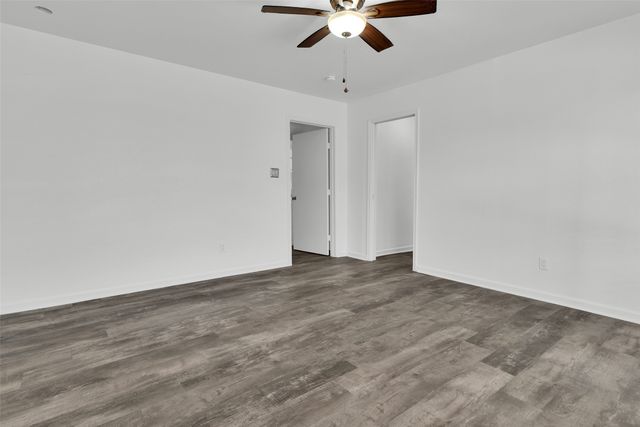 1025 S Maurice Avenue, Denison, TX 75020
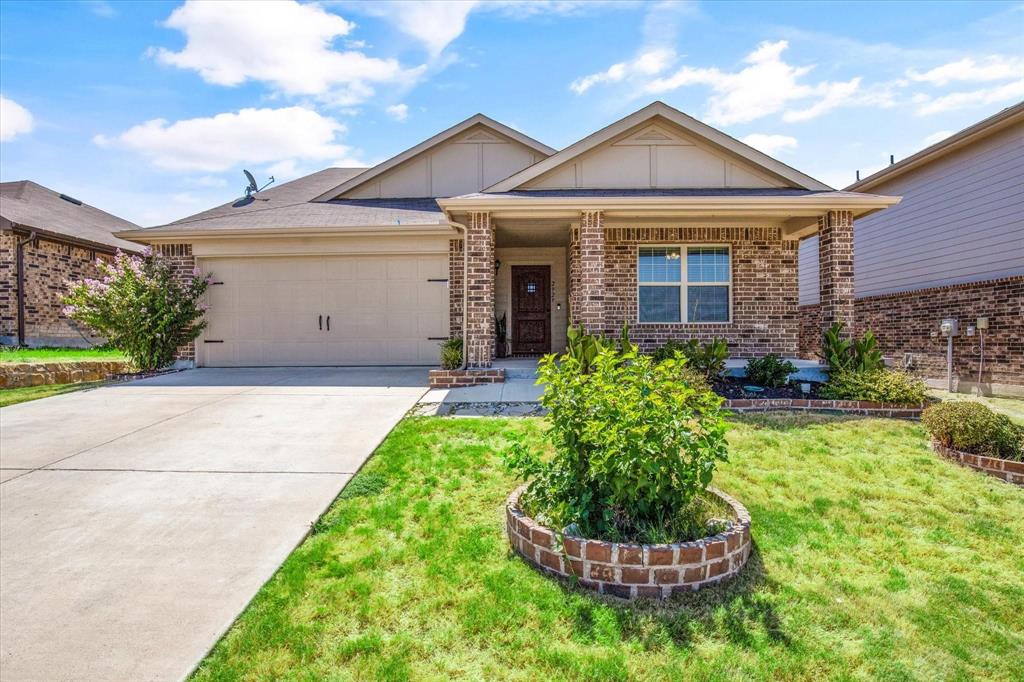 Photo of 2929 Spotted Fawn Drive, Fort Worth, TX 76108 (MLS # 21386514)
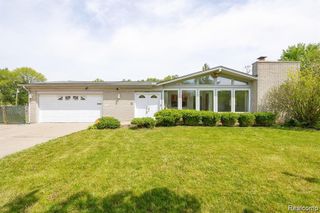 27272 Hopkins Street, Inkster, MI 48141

**YOUR OBJECTIVE**
From the first line to the last, repeat the data above exactly and leave the pictures out.

**RESULT OF THE TASK**
 1025 S Maurice Avenue, Denison, TX 75020
 Photo of 2929 Spotted Fawn Drive, Fort Worth, TX 76108 (MLS # 21386514)
 27272 Hopkins Street, Inkster, MI 48141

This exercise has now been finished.